Monday, July 18, 2022

KENDALL: USAF'S NGAD CONTRACTOR SELECTION IS DRAWING NEAR

LONDON:



The Air Force has yet to pick a winner among the companies still vying to build the service’s sixth generation jet, but a final down-select is “not all that far away,” the service’s top leader told Breaking Defense this weekend. While Air Force Secretary Frank Kendall declined to say when the service will choose a manufacturer for the fighter jet that will be the cornerstone of the Next Generation Air Dominance family of systems, he offered a small clue about the trajectory of the highly-classified program. “It’s not imminent but it’s not all that far away,” Kendall said in an exclusive interview at the Royal International Air Tattoo. “There’s a little hint I’ll drop for you.” The Air Force has confirmed three elements of the NGAD program so far: a manned, sixth-generation fighter, the AIM-260 Joint Advanced Tactical Missile currently under development, and a suite of drones — what Kendall calls “collaborative combat aircraft” — that will augment the manned fighter in battle.

In June, Kendall announced that the NGAD fighter had progressed to the engineering, manufacturing and development stage, prompting speculation about whether the Air Force had chosen a prime contractor for the program.
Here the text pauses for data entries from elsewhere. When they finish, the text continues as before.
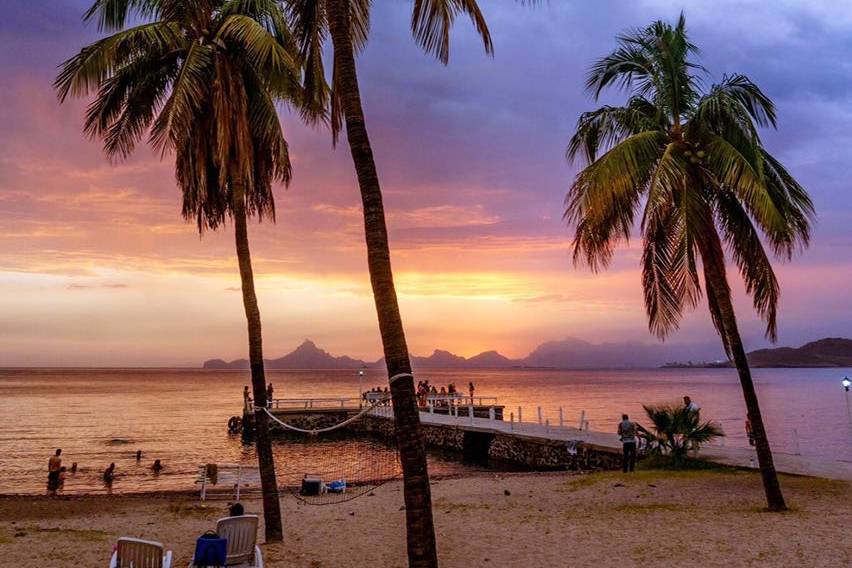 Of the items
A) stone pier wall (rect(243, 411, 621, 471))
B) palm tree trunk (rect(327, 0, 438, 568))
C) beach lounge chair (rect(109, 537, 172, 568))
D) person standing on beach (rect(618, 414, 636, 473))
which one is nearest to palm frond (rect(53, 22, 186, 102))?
palm tree trunk (rect(327, 0, 438, 568))

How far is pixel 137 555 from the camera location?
8.15 meters

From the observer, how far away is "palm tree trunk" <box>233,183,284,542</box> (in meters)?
11.9

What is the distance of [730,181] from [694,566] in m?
7.66

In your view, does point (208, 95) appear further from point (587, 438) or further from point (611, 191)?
point (587, 438)

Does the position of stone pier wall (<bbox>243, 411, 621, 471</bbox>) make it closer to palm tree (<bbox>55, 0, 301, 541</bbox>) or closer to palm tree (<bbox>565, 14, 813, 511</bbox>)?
palm tree (<bbox>565, 14, 813, 511</bbox>)

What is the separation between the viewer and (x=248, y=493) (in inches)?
795

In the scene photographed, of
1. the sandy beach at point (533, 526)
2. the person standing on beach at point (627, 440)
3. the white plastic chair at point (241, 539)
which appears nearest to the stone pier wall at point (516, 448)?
the person standing on beach at point (627, 440)

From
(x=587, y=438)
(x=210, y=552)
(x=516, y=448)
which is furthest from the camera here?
(x=516, y=448)

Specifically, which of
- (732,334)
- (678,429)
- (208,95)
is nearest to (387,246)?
(208,95)

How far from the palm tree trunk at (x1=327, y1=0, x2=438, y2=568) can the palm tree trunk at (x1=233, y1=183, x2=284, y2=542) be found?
497 centimetres

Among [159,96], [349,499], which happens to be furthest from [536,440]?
[159,96]

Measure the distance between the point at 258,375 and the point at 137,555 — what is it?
14.4 feet

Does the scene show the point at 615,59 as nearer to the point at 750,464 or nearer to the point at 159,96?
the point at 159,96

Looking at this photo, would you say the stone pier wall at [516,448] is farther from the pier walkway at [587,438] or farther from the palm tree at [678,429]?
the palm tree at [678,429] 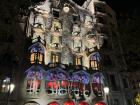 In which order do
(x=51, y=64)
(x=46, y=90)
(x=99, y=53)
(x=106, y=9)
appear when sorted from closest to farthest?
(x=46, y=90), (x=51, y=64), (x=99, y=53), (x=106, y=9)

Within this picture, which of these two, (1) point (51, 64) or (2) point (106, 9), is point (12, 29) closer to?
(1) point (51, 64)

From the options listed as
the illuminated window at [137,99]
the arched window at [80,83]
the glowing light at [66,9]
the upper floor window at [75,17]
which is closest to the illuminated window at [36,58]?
the arched window at [80,83]

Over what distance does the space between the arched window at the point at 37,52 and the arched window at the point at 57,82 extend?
9.63 ft

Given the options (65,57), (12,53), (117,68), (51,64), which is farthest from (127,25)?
(12,53)

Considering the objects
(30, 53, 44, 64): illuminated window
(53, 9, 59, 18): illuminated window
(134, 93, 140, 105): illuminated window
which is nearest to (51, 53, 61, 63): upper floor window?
(30, 53, 44, 64): illuminated window

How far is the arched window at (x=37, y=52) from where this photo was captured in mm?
32297

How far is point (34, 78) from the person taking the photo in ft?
99.9

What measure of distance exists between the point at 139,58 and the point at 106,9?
1811cm

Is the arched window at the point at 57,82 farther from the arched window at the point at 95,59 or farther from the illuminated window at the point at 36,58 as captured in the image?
the arched window at the point at 95,59

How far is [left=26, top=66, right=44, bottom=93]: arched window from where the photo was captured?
97.8 feet

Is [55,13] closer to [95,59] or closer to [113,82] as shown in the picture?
[95,59]

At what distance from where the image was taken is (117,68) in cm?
3888

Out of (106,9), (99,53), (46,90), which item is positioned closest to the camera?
(46,90)

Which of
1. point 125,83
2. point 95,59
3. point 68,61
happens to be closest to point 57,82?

However, later that month Kendall said there was still ongoing competition for NGAD, raising further questions about the status of the program.

Although Kendall declined to answer most of Breaking Defense’s questions about NGAD, he stated that the program will not have a single prime in the “systems integrator” that oversees the makeup of the family of systems, and that the Air Force has separate acquisition efforts for each of the elements.

“The overarching integrator will probably be the government, with probably some industry help,” he said. “The NGAD platform itself will have a traditional prime [contractor].”

The Air Force has been unwilling to discuss which aerospace companies are involved in NGAD. Boeing, Lockheed Martin and Northrop Grumman could potentially manufacture the sixth-gen fighter, but it is unclear whether all three are currently still participating in the ongoing competition.

At least one full-scale NGAD fighter demonstrator made its inaugural flight in 2020. Air Force officials have declined to give further details about the maker of the aircraft or its capabilities, although they have made clear that digital engineering has been a critical technology that has allowed the service to develop it much more quickly than onlookers had expected.

“What we did was an experimental prototype,” Kendall said in June. “We basically had an X-plane program which was designed to reduce the risk of some of the key technologies that we would need for a production program.”

Kendall has said the Air Force plans to field NGAD “by the end of the decade.” How many the service will ultimately buy is still yet to be disclosed.